By contrast any normal person has to pay for home repairs etc from post tax pay.

b) the family get to continue to essentially have most of the benefit of the house, land, art etc and hand it down for the benefit of heirs, while paying no inheritance tax.

By contrast any other family pay tax when passing down wealth.

c) the family get to only pay "rent" for the rooms they officially use, while retaining enough control to prevent anyone else moving into live in the rest. Often the bit that gets put in the trust is all the big costly bit (the dilapidated expensive to maintain old house) while the family keep other easier assets.

By contrast, I have to pay for my whole house. If I only paid for say, the upstairs, the landlord would no doubt move someone else in downstairs.

Downside: they are stuck with it. Very difficult to move etc without losing the value.

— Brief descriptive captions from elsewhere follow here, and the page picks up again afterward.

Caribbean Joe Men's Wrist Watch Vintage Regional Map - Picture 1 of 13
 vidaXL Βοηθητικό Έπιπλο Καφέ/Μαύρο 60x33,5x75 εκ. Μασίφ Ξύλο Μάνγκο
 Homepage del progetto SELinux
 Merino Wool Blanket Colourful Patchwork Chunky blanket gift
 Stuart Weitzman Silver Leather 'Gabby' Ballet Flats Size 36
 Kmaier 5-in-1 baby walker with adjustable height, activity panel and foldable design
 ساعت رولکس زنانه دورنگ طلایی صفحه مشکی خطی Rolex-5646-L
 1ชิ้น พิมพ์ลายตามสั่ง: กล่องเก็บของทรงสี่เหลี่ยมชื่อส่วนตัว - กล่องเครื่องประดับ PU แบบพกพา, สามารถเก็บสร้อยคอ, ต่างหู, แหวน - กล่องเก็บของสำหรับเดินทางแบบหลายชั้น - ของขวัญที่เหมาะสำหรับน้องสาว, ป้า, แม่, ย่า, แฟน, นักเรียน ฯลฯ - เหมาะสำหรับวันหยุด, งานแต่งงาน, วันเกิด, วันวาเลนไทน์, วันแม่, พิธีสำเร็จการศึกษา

It's a clever swindle though and it's how the very highest aristocracy can maintain their huge wealth. Often they keep proper ownership of the most income generative/low cost assets, and what gets put into the trust is the bit that's too expensive to maintain unless it's in a neat tax free charity

HairyToity · 16/07/2022 20:35

We have some family money. The family ethos:

  • You can live in a house bought with family money
  • You can live in a house owned by the family
  • You can live off income from your job
  • You can live off rents (after maintenance, repairs, money for a sinking fund - the big ones off expenses, tax all paid)
  • You can live off interest
  • You can work in family business and spend some of the net profit (although ideally roll most of the money back in)
  • You do not sell the assets. Once the assets start to be sold, the money gets frittered, and it is soon all gone.

I was basically told money I earnt could be spent, family money had heen built up by people who had worked hard / saved / been entrepreneurial before me, and should be passed down the generations. It is a safety net for everyone.

caringcarer · 16/07/2022 22:04

I will be leaving a significant number of my btl properties to my dgc with my dd having a lifetime interest so she gets rental incomes for the rest of her life but she can't sell them as owned by my dgc. It protects the properties in case of a breakdown of her marriage. It means my sil would have no claim over properties whereas if I left them to my dd he would have. Neither of my ds's have children and both say ATM they don't want children so I can't do this with them. However I am considering putting the properties they will inherit into a trust to protect them. I don't think it is wrong to want to pass wealth on to your descendants. I think it is pretty normal tbh. I would not live in a house falling apart and not get it fixed though.

caringcarer · 16/07/2022 22:08

Just for clarity I pay all taxes due on my property portfolio. I just want to avoid as much inheritance tax as possible. Hence I do the £3000 per year gifting inheritance tax free. That is £1k for each child each year.